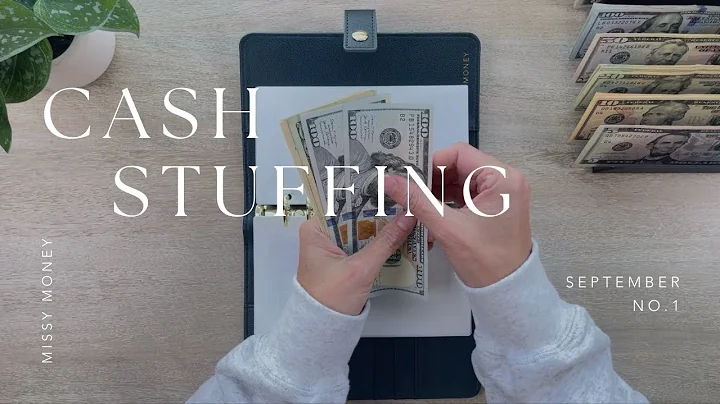 Cash Stuffing $1,650 | September No. 1 | Sinking Funds + Savings Challenges | For Beginners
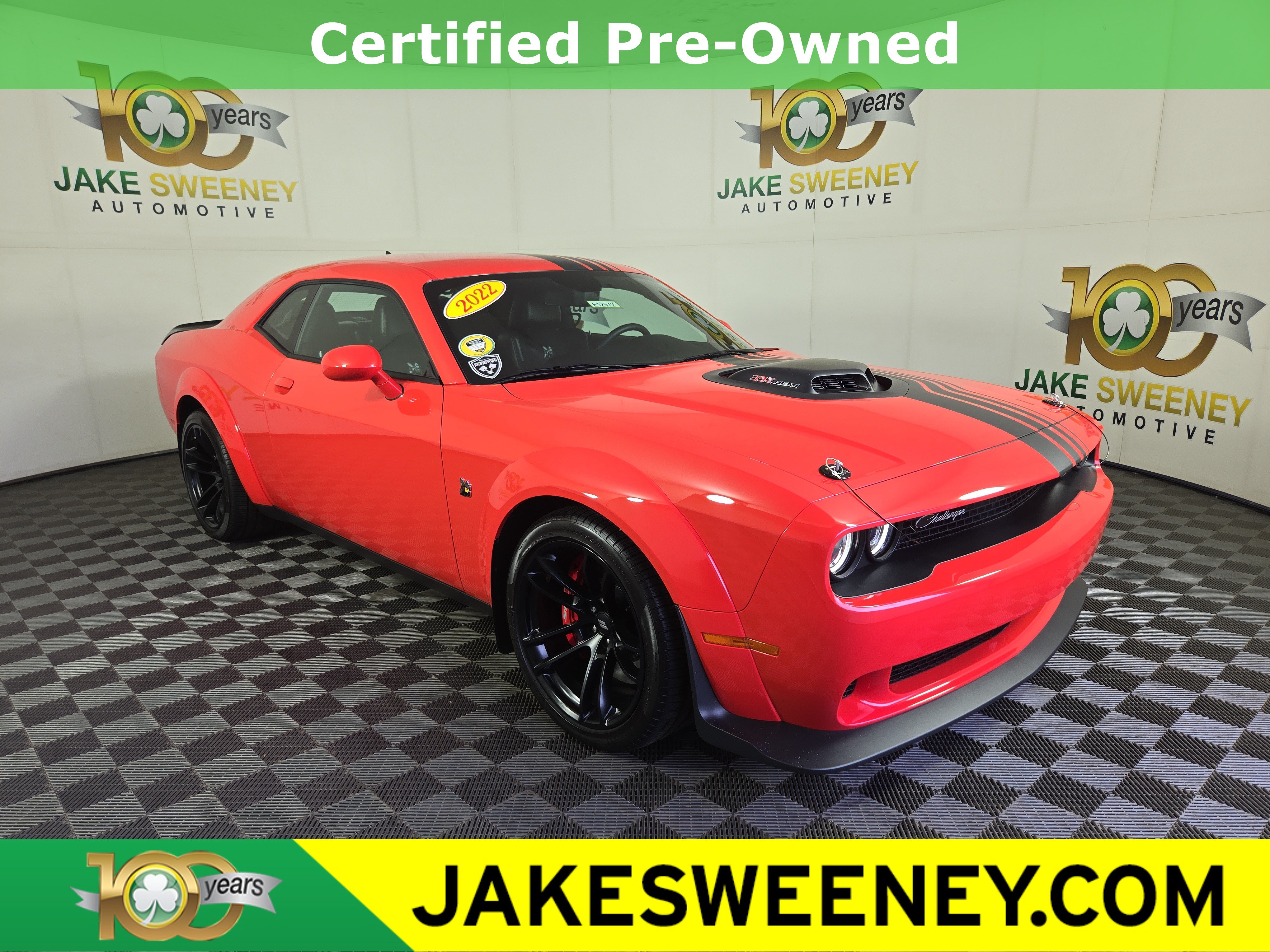 Certified 2022 Dodge Challenger R/T Scat Pack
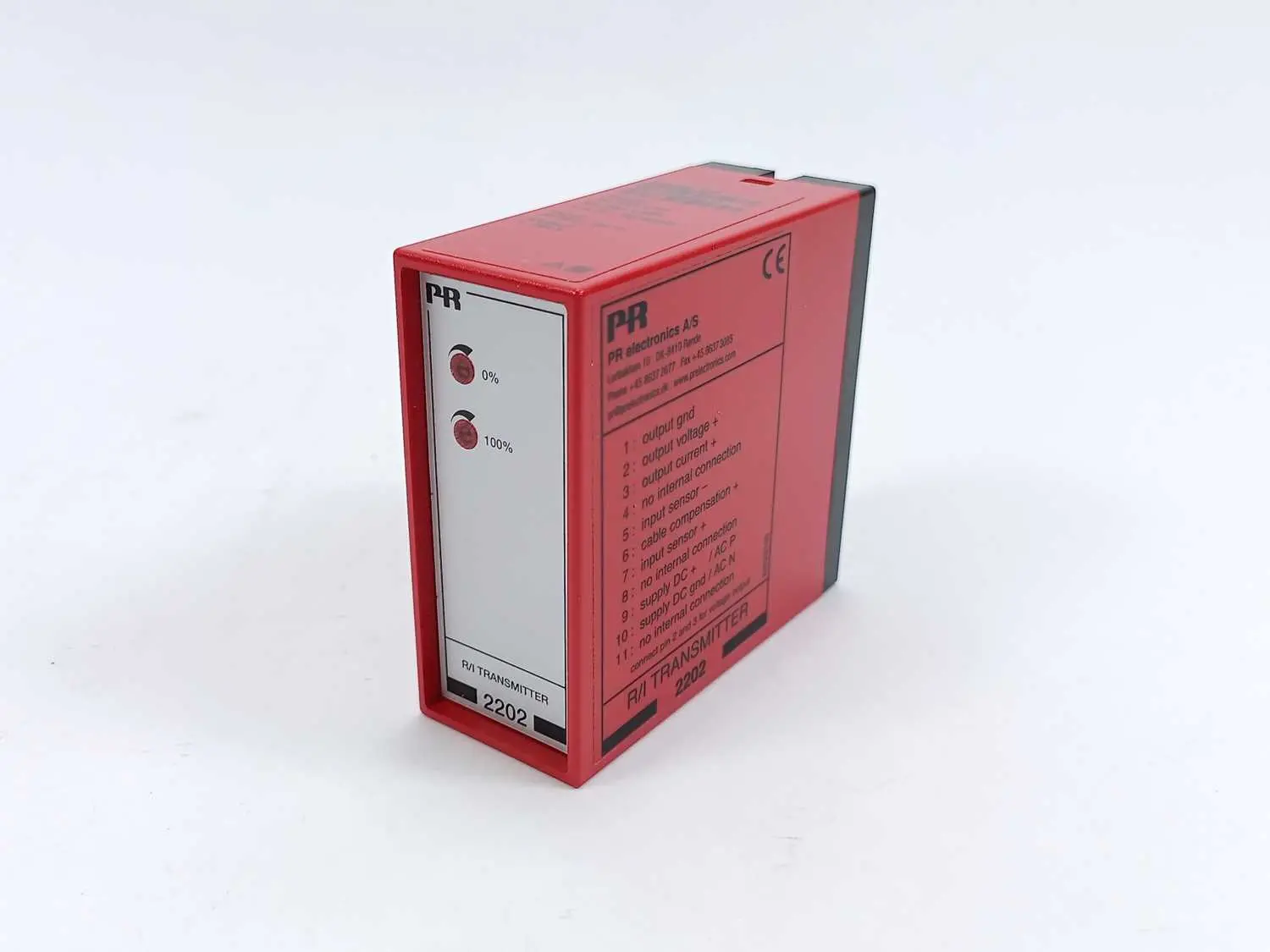 Produktfoto 1 von PR Electronics 2202L2P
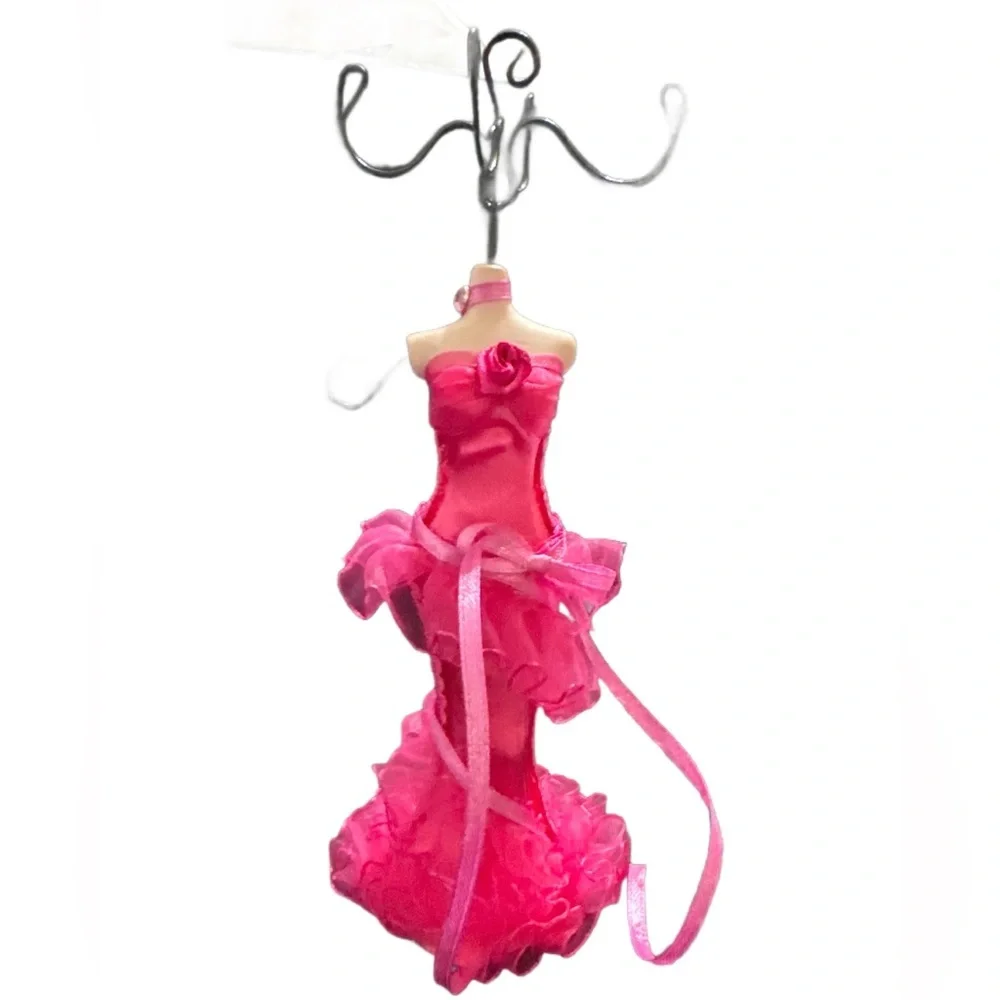 Doll Jewelry Display Stand Mannequin Necklace/bracelet NEW 0149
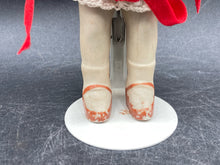 Vintage Japanese Dollhouse Miniature Bisque Girl Doll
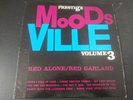 RED GARLAND RED ALONE MOODSVILLE VOLUME 3 LP RECORD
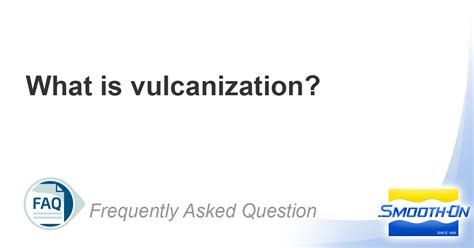 What is vulcanization?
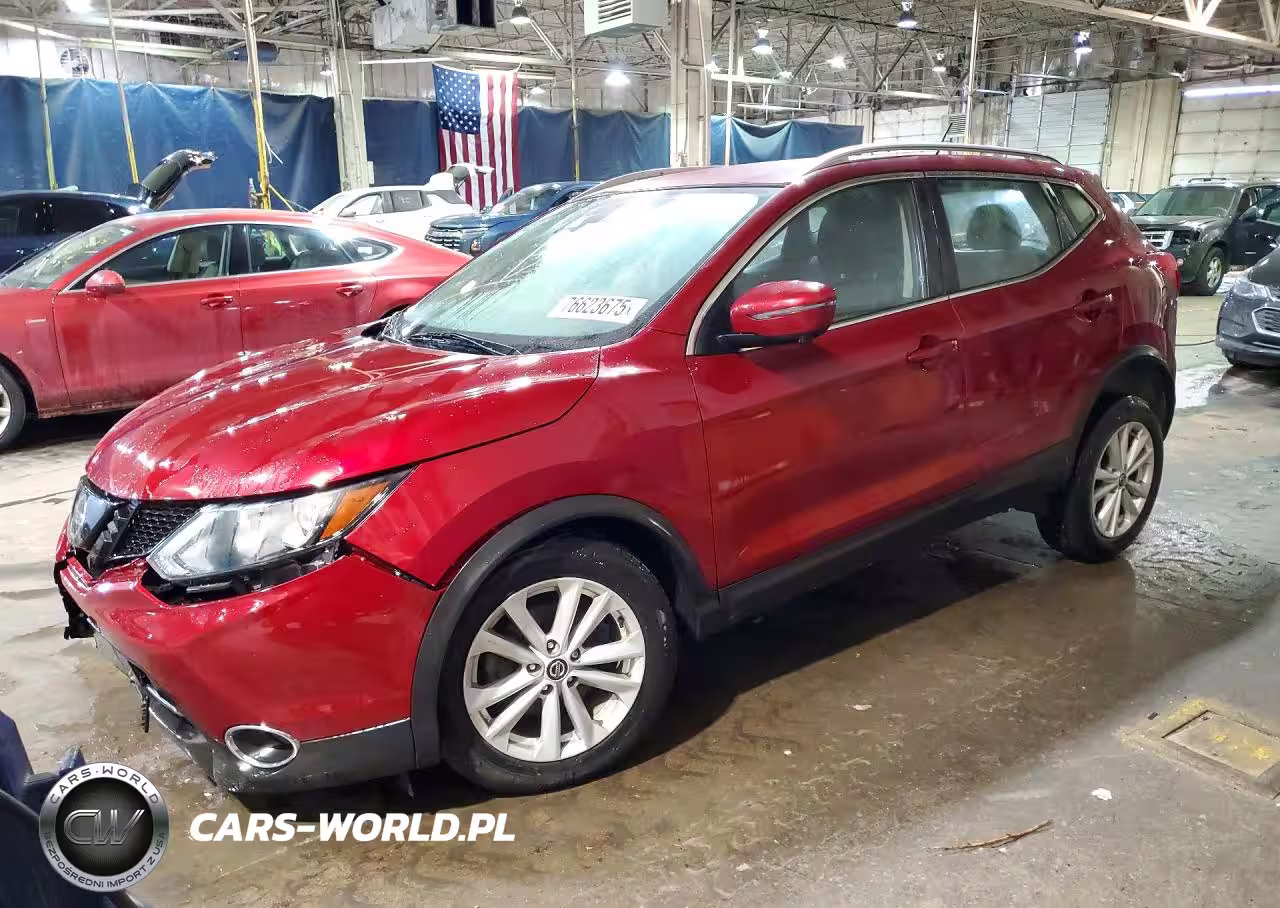 2019 Nissan Rogue Sport S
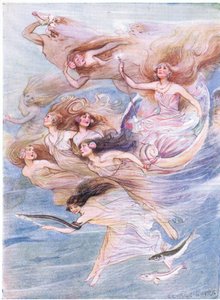Queen Galatea, från The Heroes publicerad av George Allen och Unwin 1929 av George Soper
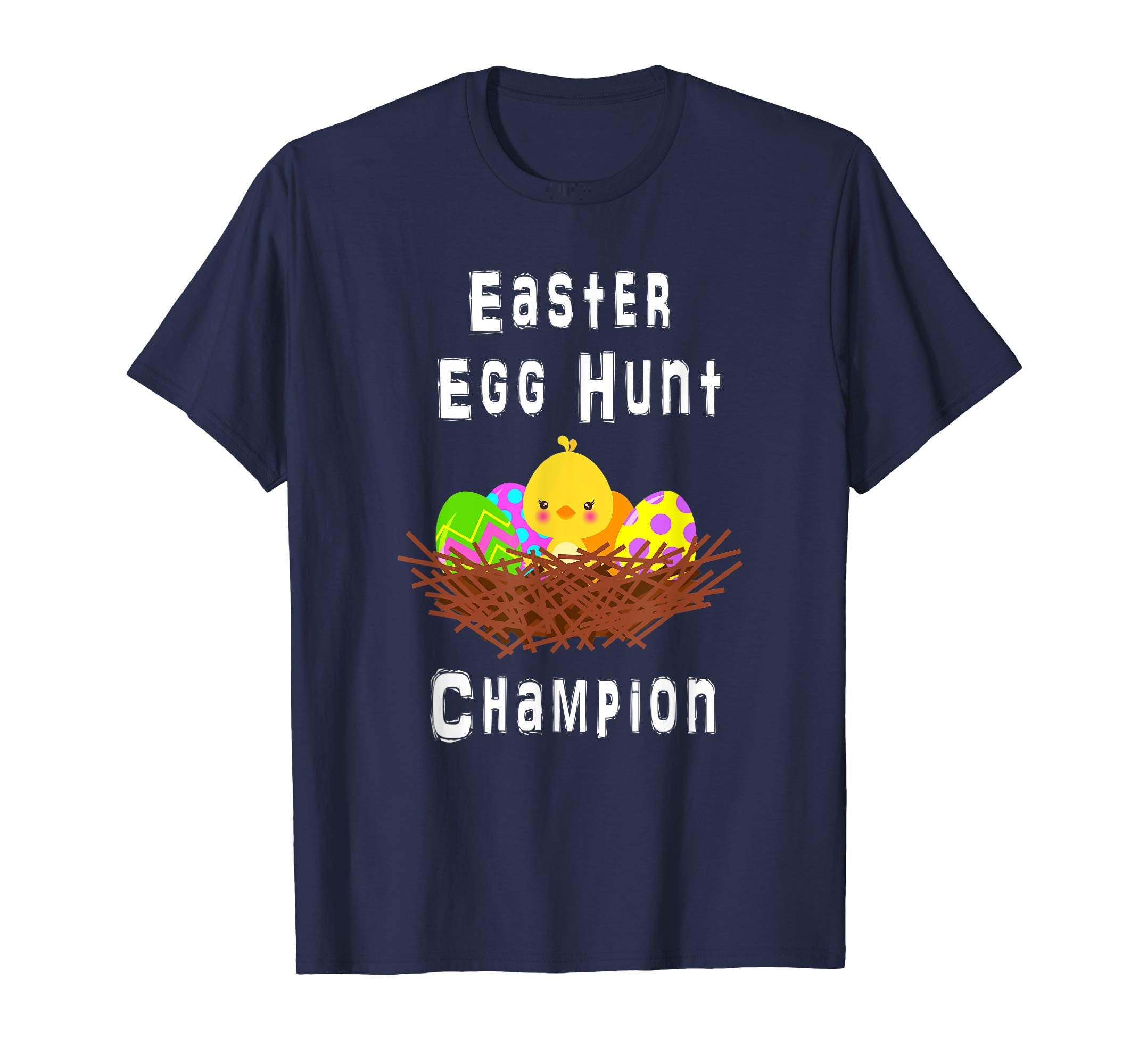 Easter Egg Hunt Champion T-shirt Funny Kids men women tee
_ _ _ _ _ _ _
Take the line that contains "Vintage Japanese Dollhouse" and every line after it to the end of the records above; quote them exactly, leaving out the pictures.

### ANSWER TO THIS EXERCISE
 Vintage Japanese Dollhouse Miniature Bisque Girl Doll
 RED GARLAND RED ALONE MOODSVILLE VOLUME 3 LP RECORD
 What is vulcanization?
 2019 Nissan Rogue Sport S
Queen Galatea, från The Heroes publicerad av George Allen och Unwin 1929 av George Soper
 Easter Egg Hunt Champion T-shirt Funny Kids men women tee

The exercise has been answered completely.